### EXERCISE OBJECTIVE
Each line of the material below is to be written out exactly. Leave out any picture.

### INFORMATION SUPPLIED
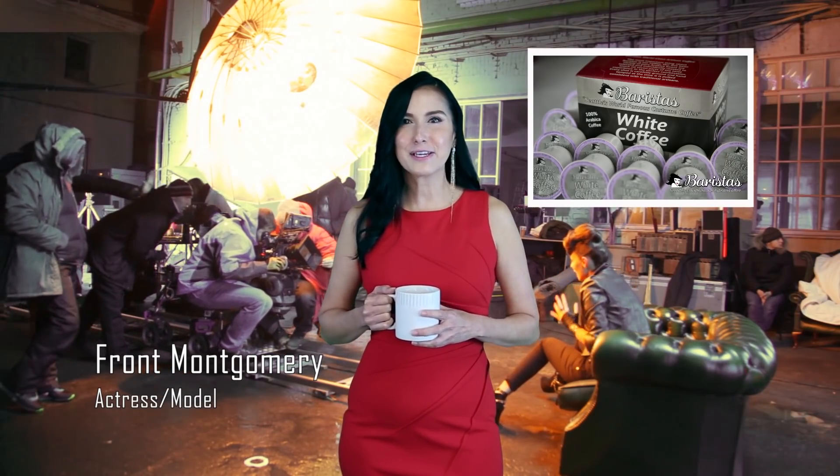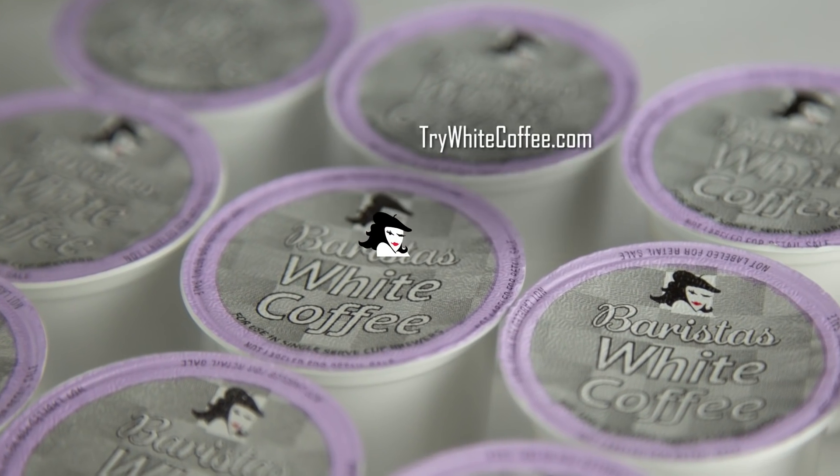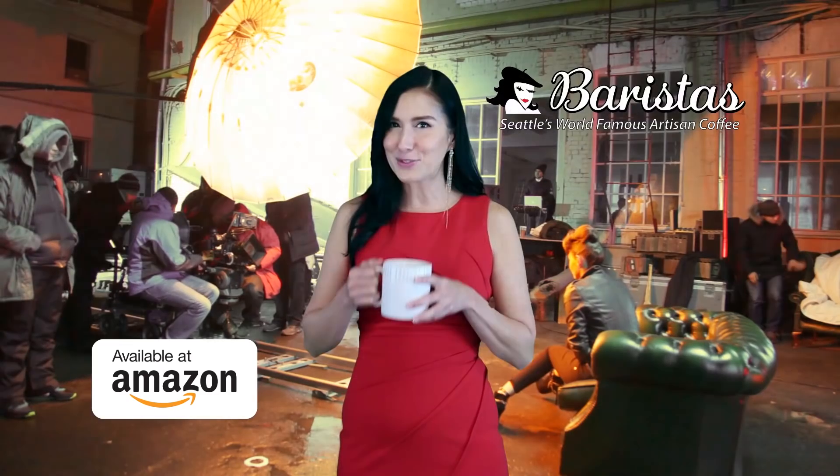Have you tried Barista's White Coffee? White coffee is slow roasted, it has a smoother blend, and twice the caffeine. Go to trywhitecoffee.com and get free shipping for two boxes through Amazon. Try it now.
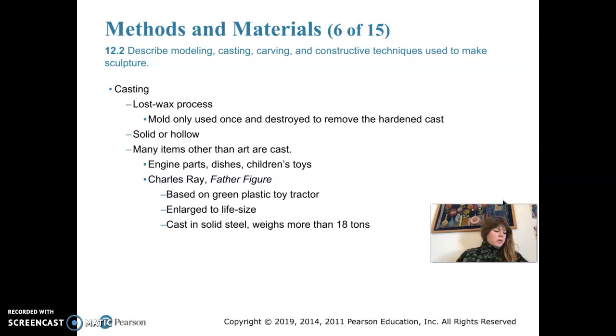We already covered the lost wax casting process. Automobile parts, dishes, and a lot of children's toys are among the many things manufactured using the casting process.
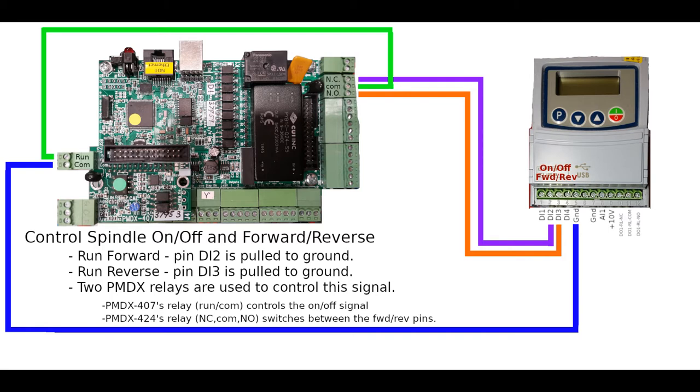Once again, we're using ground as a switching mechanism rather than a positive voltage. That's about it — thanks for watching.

### RESULT BELOW
Have you tried Barista's White Coffee? White coffee is slow roasted, it has a smoother blend, and twice the caffeine. Go to trywhitecoffee.com and get free shipping for two boxes through Amazon. Try it now.
We already covered the lost wax casting process. Automobile parts, dishes, and a lot of children's toys are among the many things manufactured using the casting process.
Once again, we're using ground as a switching mechanism rather than a positive voltage. That's about it — thanks for watching.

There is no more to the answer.